▶ AIM OF THE EXERCISE
In the material below, find the span from the line with "Cook Concept Gourmetspatels" to the line with "Feuerlöscher Pulver Automatisch" and transcribe only those lines, exactly, ends included, without the pictures.

▶ EXERCISE INPUT
"""
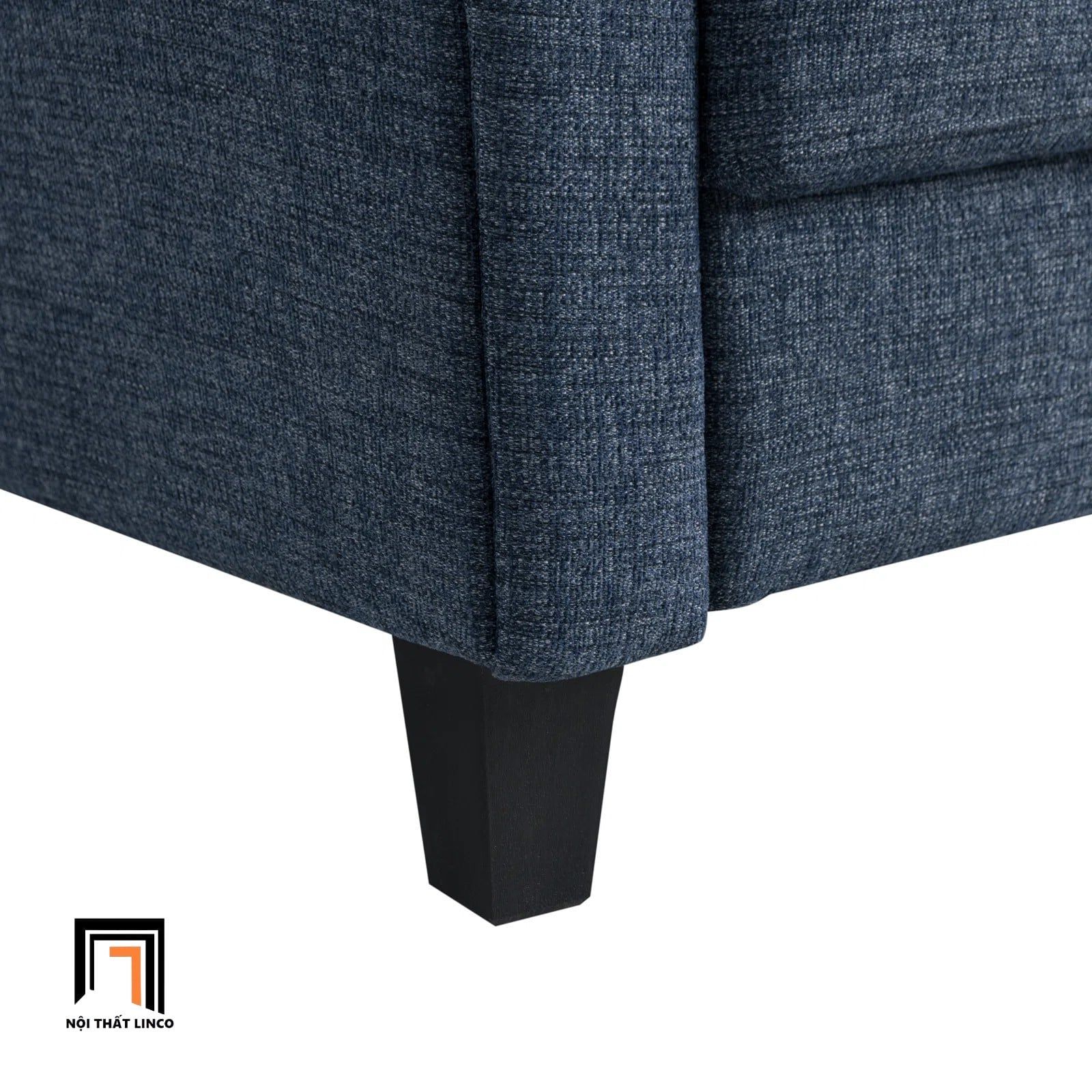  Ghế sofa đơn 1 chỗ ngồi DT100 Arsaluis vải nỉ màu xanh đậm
"""
"""
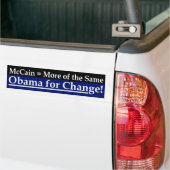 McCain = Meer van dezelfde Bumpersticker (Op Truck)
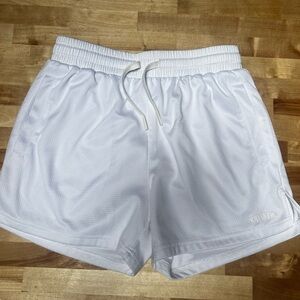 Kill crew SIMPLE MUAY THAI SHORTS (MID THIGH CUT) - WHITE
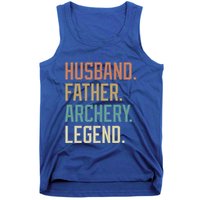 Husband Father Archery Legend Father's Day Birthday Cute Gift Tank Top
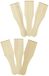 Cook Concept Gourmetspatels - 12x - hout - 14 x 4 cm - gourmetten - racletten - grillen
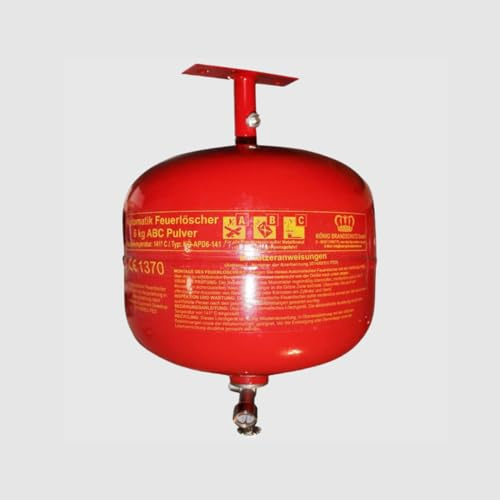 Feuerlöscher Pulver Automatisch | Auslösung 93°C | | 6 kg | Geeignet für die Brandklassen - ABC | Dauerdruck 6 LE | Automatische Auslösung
"""
"""
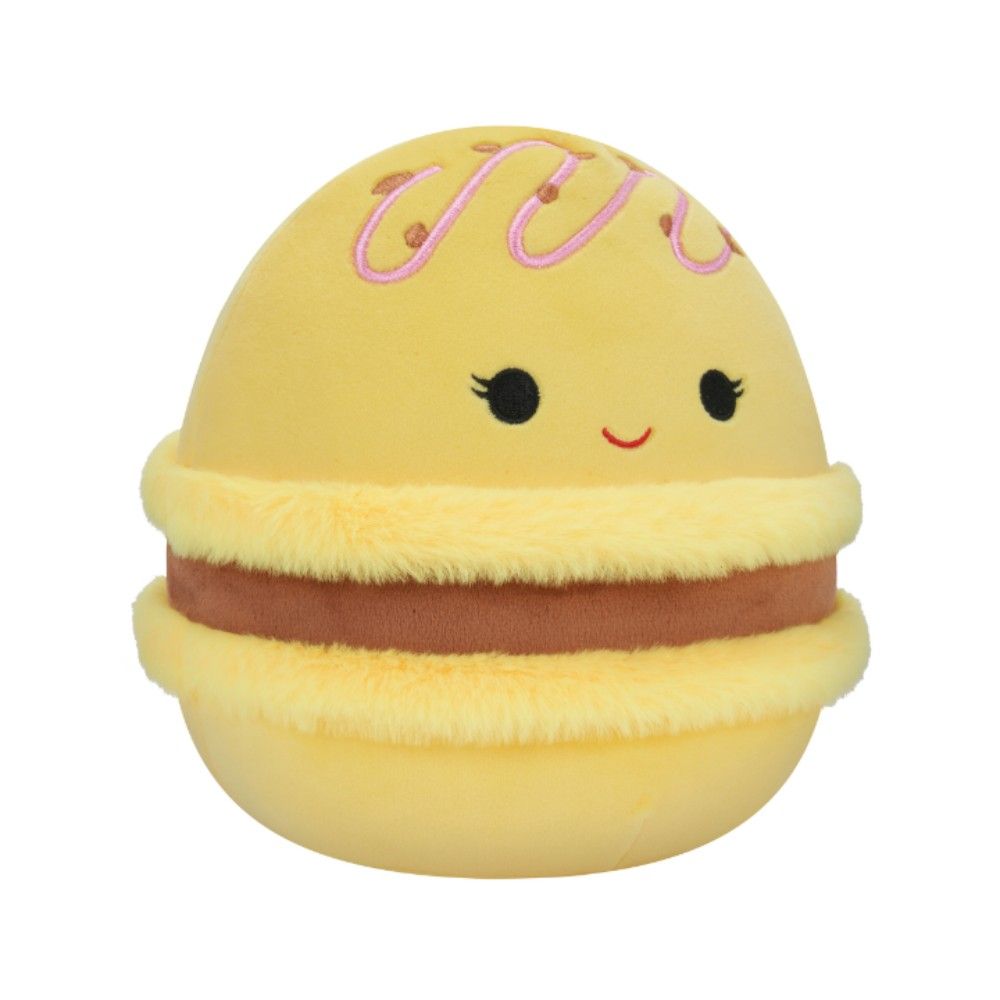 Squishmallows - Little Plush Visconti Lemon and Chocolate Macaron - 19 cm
"""
▶ RESPONSE TO THE TASK
 Cook Concept Gourmetspatels - 12x - hout - 14 x 4 cm - gourmetten - racletten - grillen
 Feuerlöscher Pulver Automatisch | Auslösung 93°C | | 6 kg | Geeignet für die Brandklassen - ABC | Dauerdruck 6 LE | Automatische Auslösung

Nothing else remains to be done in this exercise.